I'm glad you have written an ode to the dung beetle. Life would be a lot poorer without them. I hope you don't mind me posting three poems at once, but here are three more insects whose reputations have, I am sure, been unjustly maligned:
YELLOW DUNG FLY
It doubled as our larder,
This horse turd where we grew;
One day we pupated
And another day we flew.
We have hairy legs,
Dung-coloured are our bristles,
We fly and look for fresh new piles
Among the grass and thistles.
When you walk by we’ll gad about,
A merry cloud of yellow
Where the dung is steaming
Or where it has grown mellow.
When we were grubs, we gobbled dung
Like all the other flies,
But now we’re homing in on them
Fixed in our compound eyes,
And all the scatophagic flies
We’ll gobble where they sit,
For now that we are fully grown
We’re sick of eating shit.
Source material: Despite its scientific name, the adult dung-fly Scathophaga stercoraria does not eat dung, but preys on other species of fly feeding on it. The larvae develop in the dung. The males, yellow in colour, are the most commonly observed; the females are rarer and greyer. This song was inspired by observation of their habits on Port Meadow in Oxford, where there is a ready supply of horse dung.

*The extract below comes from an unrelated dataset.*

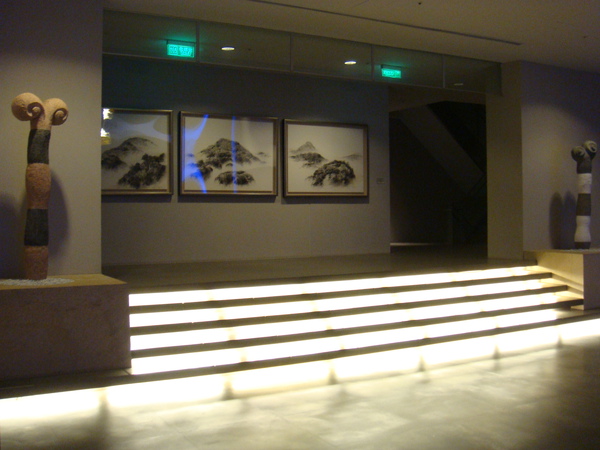 往大眾浴池的階梯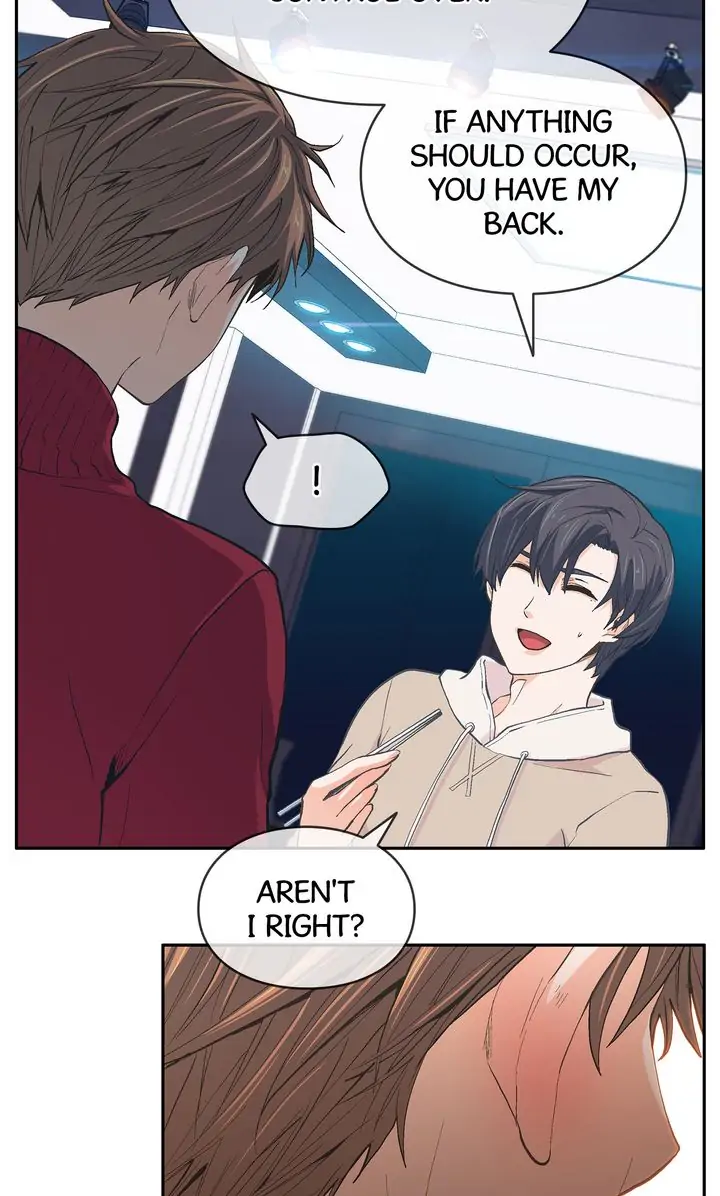 The Novelist and His Neighbor - Chapter 19 manhwa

They are equally partial to flies which feed on cow-pats.-----------------------------------------------------------------------
I am of fine lineage; my forebears
Skulked in the crevices of London
In 1670. Aristophanes knew them too.
To prevent our coming is impossible;
A greatcoat holds enough of us,
In its hems, to stock a house.
We keep to the cracks by day.
Or secrete ourselves in old socks;
By night we suck your blood.
You can stop every nail hole with putty,
Every crack with plaster of Paris,
Smother the ceiling with white lime,
Dip the bedstead, disassembled
In turpentine or corrosive sublimate,
And sprinkle the sheets also, to no avail.
Though your house reeks and drips with spirits,
I’ll crawl the crack between your legs;
You’ll be scratching by the morning.
Source material: Curtis’s British Entomology, 569.-----------------------------------------------------------------------
Sylla the dictator fell to our host
As Pliny’s discourse will tell you -
He scratched and he groaned
And he gave up the ghost -
And if that’s not enough to repel you:
We have lobster claws
We have bloodsucking jaws
For tapping our guts to your pulses,
And our dinner’s apparent,
For our bellies transparent
Make it easy to watch peristalsis.
Source material: Pliny records that Pherecydes Sirius and Sylla the dictator both died phthiriasis, a disease caused by louse infestation, and Quintus Serenus adds: “Great Sylla too the fatal scourge hath known;/ Slain by a host far mightier than his own.” See G. Shaw and F.P. Nodder, The Naturalist’s Miscellany, 1789-1813.